Keymate authenticates users through configurable flow chains — ordered sequences of authentication steps that the platform executes during login. Each flow defines which steps run, in what order, and under what conditions. Flows support browser-based interactive login, direct credential exchange for programmatic access, and post-authentication steps such as organizational context selection. Administrators compose flows from reusable authenticator modules, enabling each realm to tailor its authentication experience without code changes.

Why It Exists

Enterprise environments require different authentication experiences for different contexts. A government agency portal requires credential validation followed by department selection. An internal service uses direct credential exchange without user interaction. A high-security workflow demands additional verification before granting access. Configurable flows address this variety by separating the authentication logic into composable steps that administrators assemble into the right sequence for each scenario.

Where It Fits in Keymate

Authentication flows execute at the entry point of the identity lifecycle. The identity model defines the user representation that flows establish. Successful flow completion produces a session and an access token carrying the authenticated identity. MFA and step-up policies determine which additional steps a flow includes. Federation introduces external identity verification as a flow step.

Boundaries

This page covers the flow chain model, step composition, and how flows produce authenticated sessions.
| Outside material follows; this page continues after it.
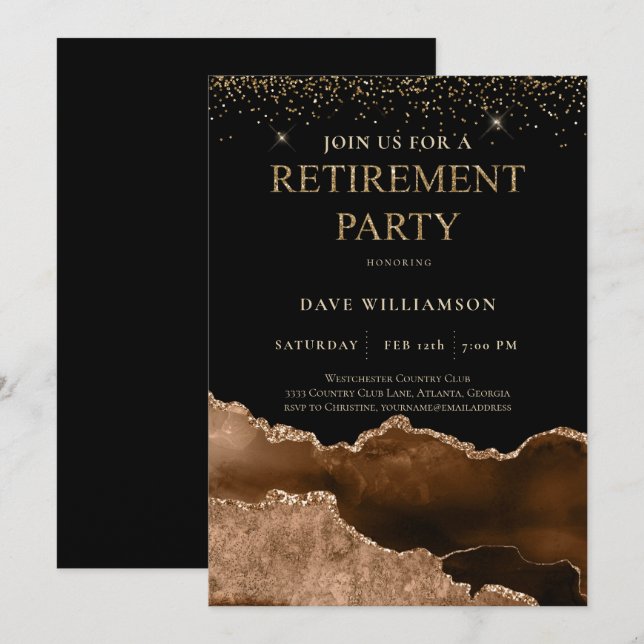 Elegant Brown Agate Gemstone Retirement Party  Inv Invitation (Front/Back)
It does not cover:

How It Works

Flow Chain Model

An authentication flow consists of an ordered chain of authenticator steps. The platform executes each step in sequence. Each step either succeeds (allowing the chain to continue), fails (terminating authentication), or requires user interaction (pausing until the user responds). Steps declare their execution requirement — required, conditional, alternative, or disabled — which determines how the platform handles step outcomes.

Browser Flow

The browser flow handles interactive login through a web interface. A typical browser flow includes:

  1. Credential collection — the platform presents a login form and validates the submitted credentials against the identity store or an external credential system
  2. Multi-factor verification — if configured, the platform requests an additional authentication factor (one-time password, CAPTCHA, or another verification method)
  3. Organizational context selection — for users with multiple department assignments, the platform presents a selection step where the user chooses their active organizational context
  4. Session creation — the platform creates an authenticated session and issues tokens

Each step in the chain is a pluggable authenticator module. Administrators compose different combinations to create the required login experience.

Direct Grant Flow

The direct grant flow handles non-interactive authentication for programmatic clients. The client submits credentials directly (typically through the token endpoint), and the platform validates them without user interaction. This flow skips interactive steps like form rendering and context selection, making it suitable for service-to-service communication and automated processes.

Post-Authentication Steps

After primary credential validation, flows can include post-authentication steps that enrich the session before token issuance:

  • Department selection — when a user holds assignments in multiple departments, the flow presents a selection interface. The selected department becomes the active organizational context, and the platform creates an Organization ticket binding the session to that assignment.
  • Attribute synchronization — the platform can synchronize user attributes from external sources during authentication, updating the local identity store with current values.
  • Session note population — custom authenticator steps can attach additional metadata to the session, which protocol mappers later project into token claims.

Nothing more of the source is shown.